Crawled caption data:

-------------------------

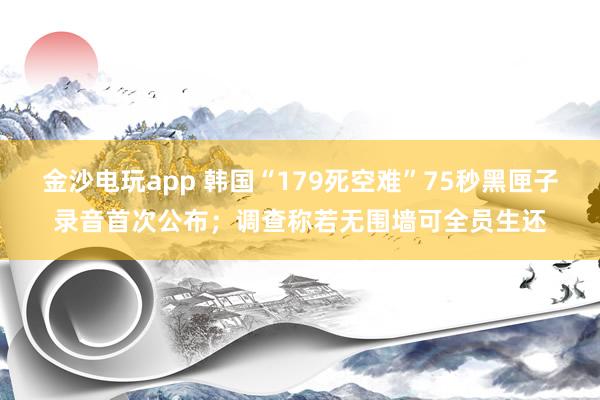 金沙电玩app 韩国“179死空难”75秒黑匣子录音首次公布；调查称若无围墙可全员生还
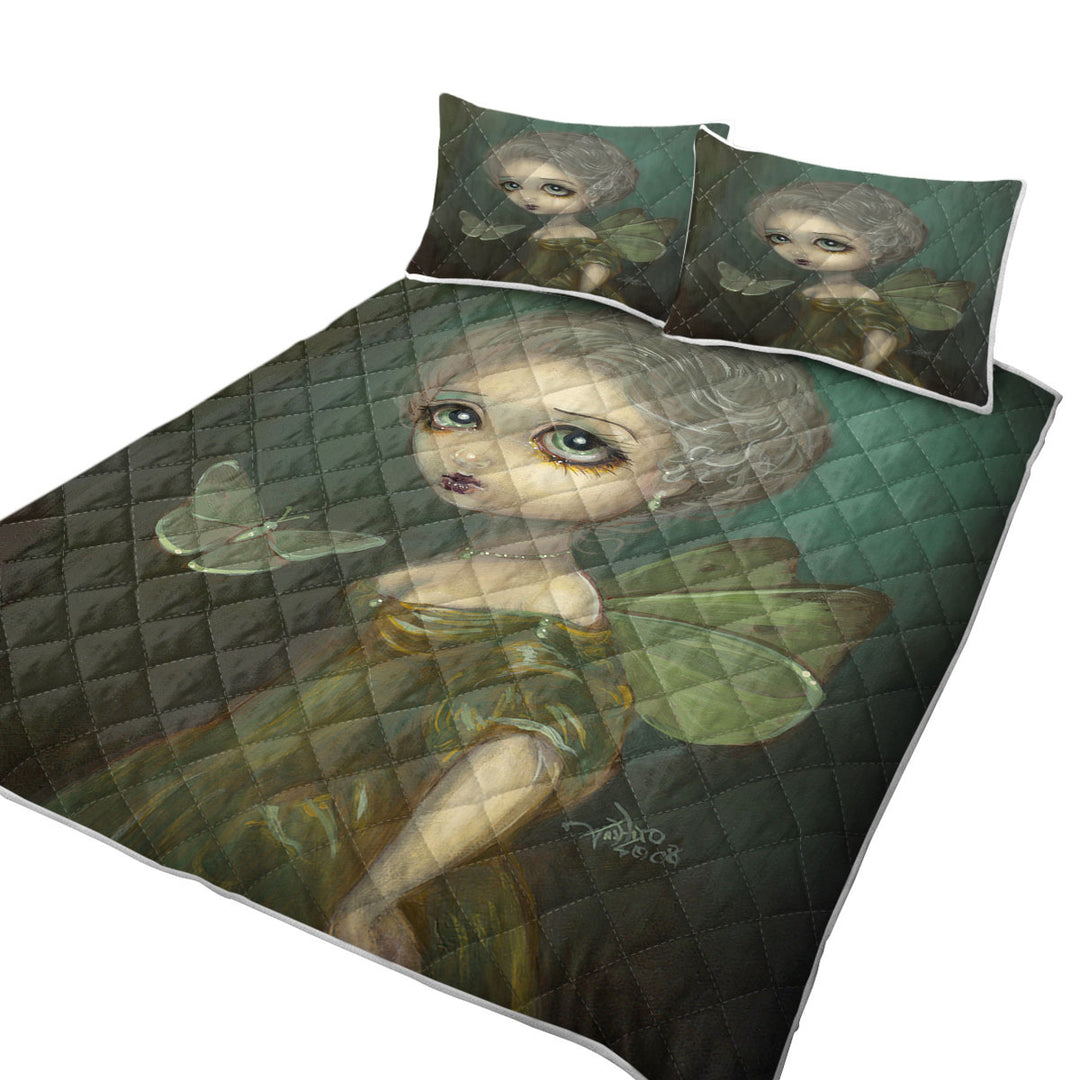 King Size Quilt Sets with Sad Fairy Art Butterflies in Gloom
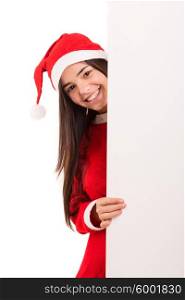 Sexy asian woman dressed as Santa Claus, presenting your product on a white board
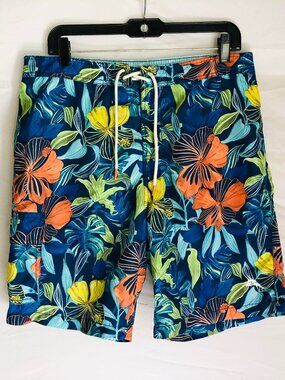 Tommy Bahama Men's Size Large Floral Tropical Lined Swim Trunks Board Shorts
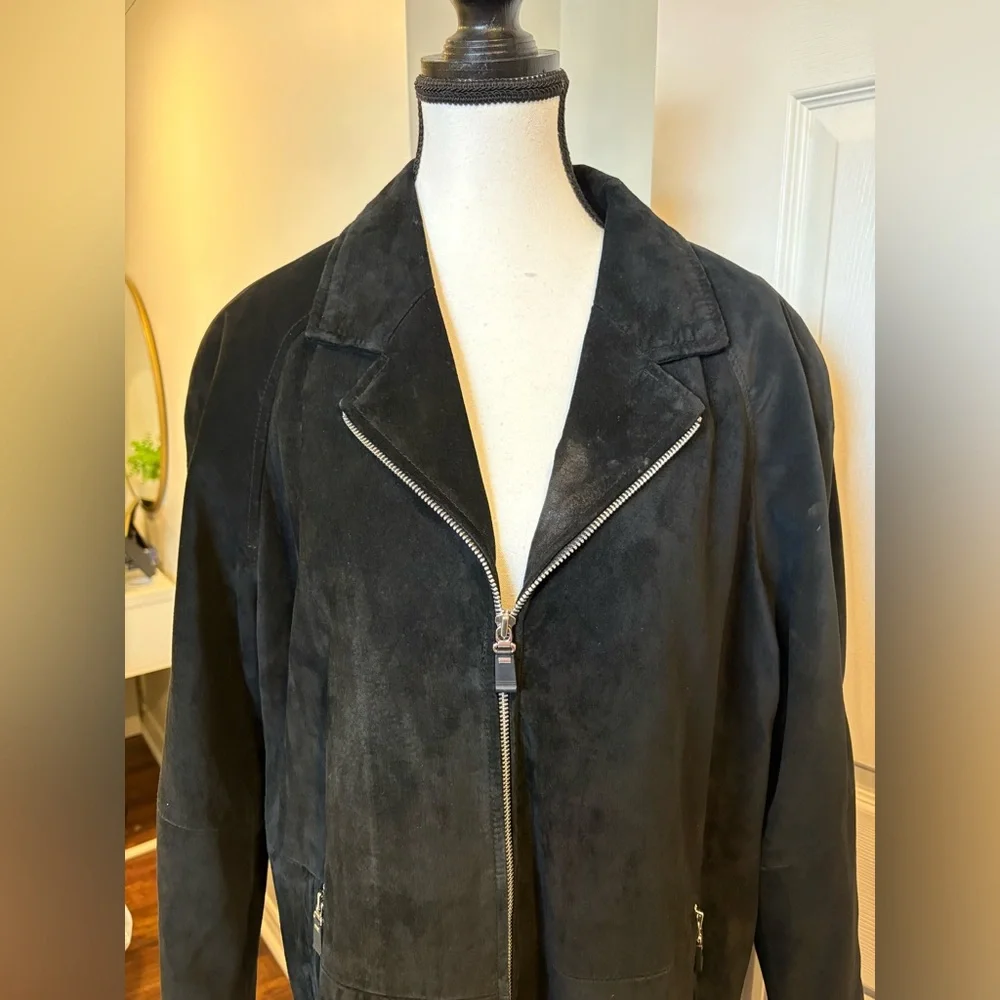 Danier Genuine Leather Suede Coat-Black Longline Zip Jacket - Picture 2 of 9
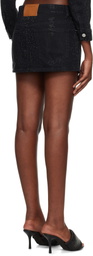 Alexander Wang Black Allover Tonal Hotfix Denim Miniskirt
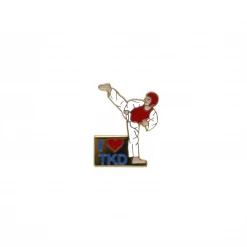 Best Martial Arts / MOOTO USA Accessory I Love TKD With Kicker Pin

-------------------------

What needs to be done: Verbatim output of every entry above is required, though pictures are to be left out.

Task result:
 金沙电玩app 韩国“179死空难”75秒黑匣子录音首次公布；调查称若无围墙可全员生还
 King Size Quilt Sets with Sad Fairy Art Butterflies in Gloom
 Sexy asian woman dressed as Santa Claus, presenting your product on a white board
 Tommy Bahama Men's Size Large Floral Tropical Lined Swim Trunks Board Shorts
 Danier Genuine Leather Suede Coat-Black Longline Zip Jacket - Picture 2 of 9
 Alexander Wang Black Allover Tonal Hotfix Denim Miniskirt
 Best Martial Arts / MOOTO USA Accessory I Love TKD With Kicker Pin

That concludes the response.